• _Problem details_
For the listing below, return the line containing "The Input field", the line containing "This is Shanna", and all lines in between, exactly as written and nothing else.

• _Supplied material_
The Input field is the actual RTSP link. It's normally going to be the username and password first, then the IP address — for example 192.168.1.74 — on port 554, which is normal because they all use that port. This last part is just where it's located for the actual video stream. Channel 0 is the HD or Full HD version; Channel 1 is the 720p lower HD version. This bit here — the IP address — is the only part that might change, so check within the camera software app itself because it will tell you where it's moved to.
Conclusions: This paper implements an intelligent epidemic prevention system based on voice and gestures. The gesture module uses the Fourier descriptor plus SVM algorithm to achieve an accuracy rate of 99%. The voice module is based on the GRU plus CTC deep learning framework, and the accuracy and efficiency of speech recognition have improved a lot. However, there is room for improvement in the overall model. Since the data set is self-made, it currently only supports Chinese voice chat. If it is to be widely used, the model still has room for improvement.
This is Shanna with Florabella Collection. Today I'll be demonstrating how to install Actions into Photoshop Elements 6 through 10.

...

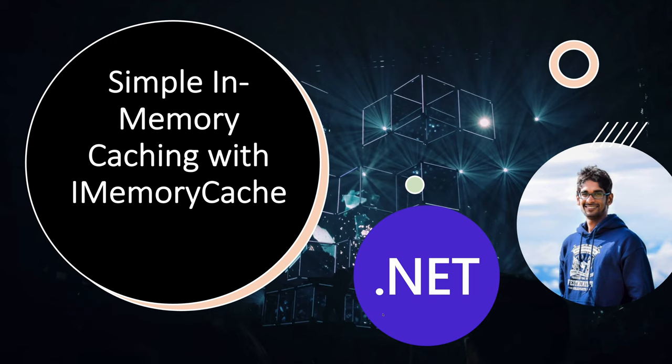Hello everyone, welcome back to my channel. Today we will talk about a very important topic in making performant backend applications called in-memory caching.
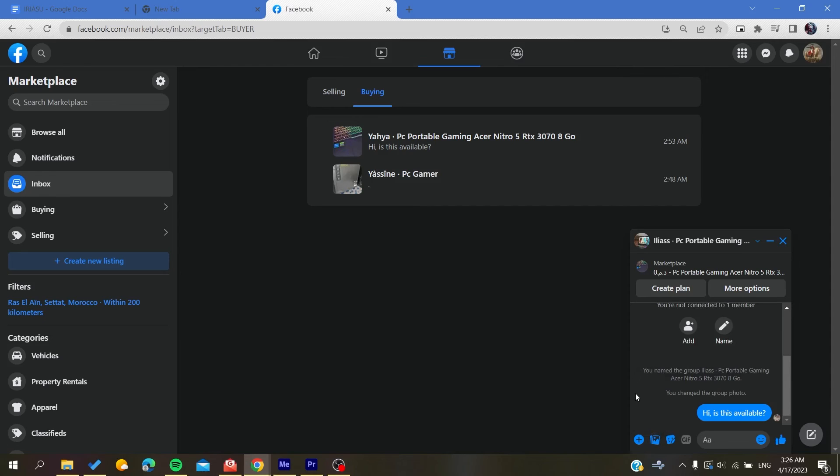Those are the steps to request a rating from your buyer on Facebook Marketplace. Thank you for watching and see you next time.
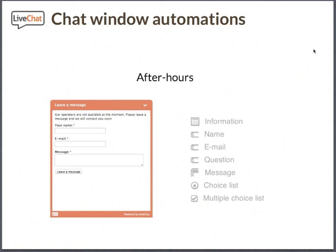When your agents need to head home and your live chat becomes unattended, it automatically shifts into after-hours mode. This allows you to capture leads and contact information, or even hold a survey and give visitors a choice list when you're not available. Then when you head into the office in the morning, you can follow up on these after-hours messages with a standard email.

• _Expected answer_
The Input field is the actual RTSP link. It's normally going to be the username and password first, then the IP address — for example 192.168.1.74 — on port 554, which is normal because they all use that port. This last part is just where it's located for the actual video stream. Channel 0 is the HD or Full HD version; Channel 1 is the 720p lower HD version. This bit here — the IP address — is the only part that might change, so check within the camera software app itself because it will tell you where it's moved to.
Conclusions: This paper implements an intelligent epidemic prevention system based on voice and gestures. The gesture module uses the Fourier descriptor plus SVM algorithm to achieve an accuracy rate of 99%. The voice module is based on the GRU plus CTC deep learning framework, and the accuracy and efficiency of speech recognition have improved a lot. However, there is room for improvement in the overall model. Since the data set is self-made, it currently only supports Chinese voice chat. If it is to be widely used, the model still has room for improvement.
This is Shanna with Florabella Collection. Today I'll be demonstrating how to install Actions into Photoshop Elements 6 through 10.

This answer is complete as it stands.